Né à Angers en 1971, Jolyon Derfeuil a découvert la poésie à l’adolescence, au sein de l’atelier théâtre de son lycée, reprenant des textes de Raymond Queneau pour les jouer sur scène. Il découvre aussi dans la foulée Pierre Reverdy, Antonin Artaud, les poètes surréalistes, Baudelaire, etc. Puis il enchaîne avec des études de comptabilité qui ne mènent nulle part, le service militaire et quantités de petits boulots avant de faire une fac de lettres d’où il ressort avec une licence de lettres modernes. La suite de son parcours s’illustre dans l’associatif, l’écriture de scénarios, la réalisation de courts métrages sans pour autant délaisser la poésie. Il anime entre autres des émissions de radio consacrées au slam et au cinéma sur la radio angevine alternative « Radio G » et fait des improvisations poétiques en direct dans une autre émission dédiée au Free jazz.

 

 

Encrer à l’usine (extraits)

Une dizaine de camions entrent dans ma tête par les oreilles. Ils roulent dans tous les chemins nervurés de mon cerveau mais ils ne livrent pas, ils ne livrent jamais. Ne s’arrêtent jamais. L’un des chauffeurs saute de son véhicule en pleine course. Ils font tous pareil. Mais les camions continuent. Sans pilote. Ce sont des bolides absurdes, mais aux trajets réguliers, raisonnés. Peu à peu, ils se changent en neurones, en atomes, en feux-follets organiques, le coffre plein d’informations contradictoires pour éprouver vaillamment mes nerfs et, par mimétisme, ma conscience égarée et je deviens un ouvrier, un chauffeur, un mécano, un agent de la maintenance, rompu à la technicité désuète mais redoutable du geste sur. Je ne livre qu’à moi- même un robot ténébreux et je roule sur les bords du monde. Je roule, chargé d’une mémoire pleureuse, tailladée par les acouphènes, les éclairs et les odeurs d’aciers fondus.
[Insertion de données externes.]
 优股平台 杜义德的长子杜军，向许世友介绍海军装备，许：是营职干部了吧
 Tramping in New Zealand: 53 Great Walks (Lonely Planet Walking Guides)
Je roule pour espérer remplir le néant.

Compter sur moi

Au rendez-vous de nos attentions ici
sur le bureau encombré de gommes j’ai retenu la nature du piège

à force d’être dans ce travail je ne deviendrai pas fou

je serai juste au bord

l’ombre de ma main me l’a dit l’ombre de ma tête aussi

des camions parcourent la nuit
chargés de ciseaux, de crayons de bois

ils me rejoignent au regard,
à la rature infinie humectée par la première langue, celle des consignes

et dans le vaisseau du gardien je fais le compte des néons avant d’être attentif
au numéro des taxis

je veux la palette
le siège le plus bancal et des fruits rouges

et je porterai
au sommet de l’horloge
la poussière brunie de mes gestes.

 

Des petits bonshommes sur des écrans, des robots en action, des portes qui coulissent, des wagonnets qui circulent, des camions qui se remplissent… ça fait des films en pagaille : des plans fixes, des zooms, des panneautages qui se prolongent infiniment dans le coeur des disques durs, une addition de signes pixelisés comme si on me renvoyait les photos fébriles des différentes parties de mon cerveau-surveillant, comme autant de fenêtres réelles qui se rêvent elles même en fiction… Alors je me range dans la faille des images, je m’imagine à la place de ces gens, je les occupe sans curiosité.